The European Commission, the E.U.'s executive branch, wants to criminalize homophobic hate speech, assure the recognition of LGBTQ+ people's parental rights throughout the continent, and address other concerns of this population, the Associated Press reports. The plan, a first for the E.U., was unveiled Thursday.

"This is not about ideology. This is not about being men or women. This is about love," said Vera Jourova, vice president of the commission, according to the AP. "This strategy is not against anyone. This does not put anyone on a pedestal. But it is about guaranteeing safety and nondiscrimination for everyone."

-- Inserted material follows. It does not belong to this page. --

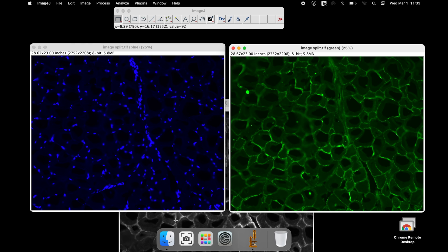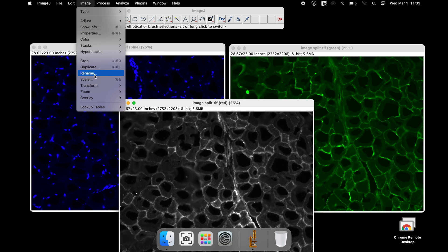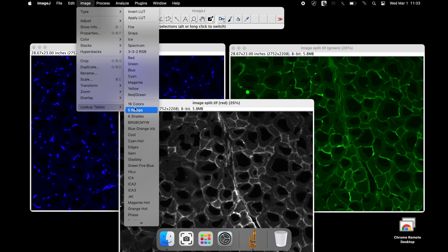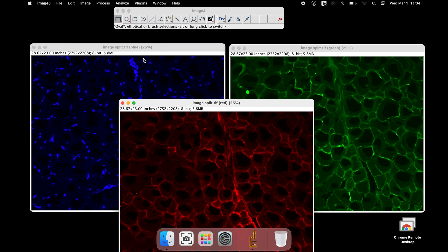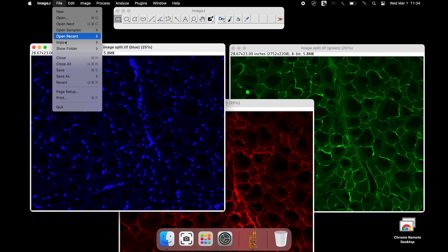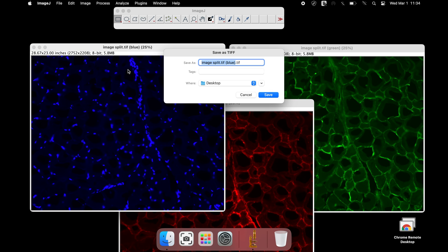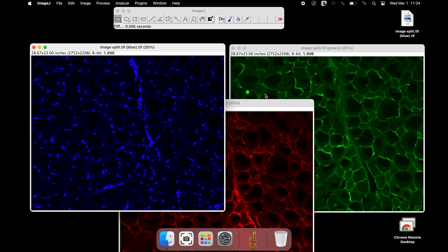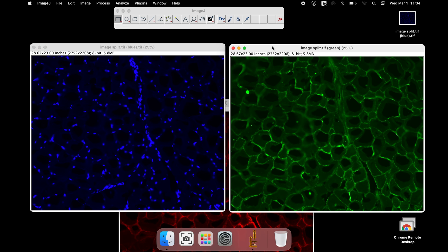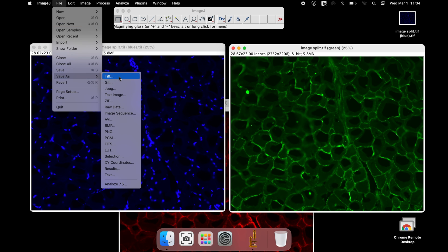Once completed, these images can be saved in any format of your choice. To save the image, click File, Save As, TIFF, and save. The other channel color images can also be saved in a similar way. Scale bars can also be added before saving these images.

In Poland, several towns have declared themselves "LGBT-free zones," and the country reelected anti-LGBTQ+ President Andrzej Duda this year. He ran on a platform of outlawing same-sex marriage, which is not allowed in the country anyway, and barring same-sex couples from adopting children. He has called the LGBTQ+ movement worse than communism.

In Hungary, Justice Minister Judit Varga this week proposed a constitutional amendment mandating traditional gender roles and endorsing "children's right to the gender identity they were born with," a statement against transgender identities, Reuters reports. The country has already banned gender changes on identifying documents, and Deputy Prime Minister Zsolt Semjen said recently that same-sex couples should not be allowed to adopt children. Prime Minister Viktor Orban's government, once primarily anti-immigrant, is generally upping its anti-LGBTQ+ stances.

These developments are among "worrying trends" in the E.U., Jourova said, according to The Guardian. The moves in Hungary, she said, are drawn from "the authoritarian playbook and [do] not have a place in the European Union."

Recognition of partnership and parenthood across borders will protect children and families, she added. Just 21 of the 27 member countries have some form of partnership recognition, and only 14 allow same-sex couples to adopt. "All of a sudden they will stop being your child once you cross the border," Jourova said. "This is unacceptable. ... If one is a parent in one country, one is a parent in all countries."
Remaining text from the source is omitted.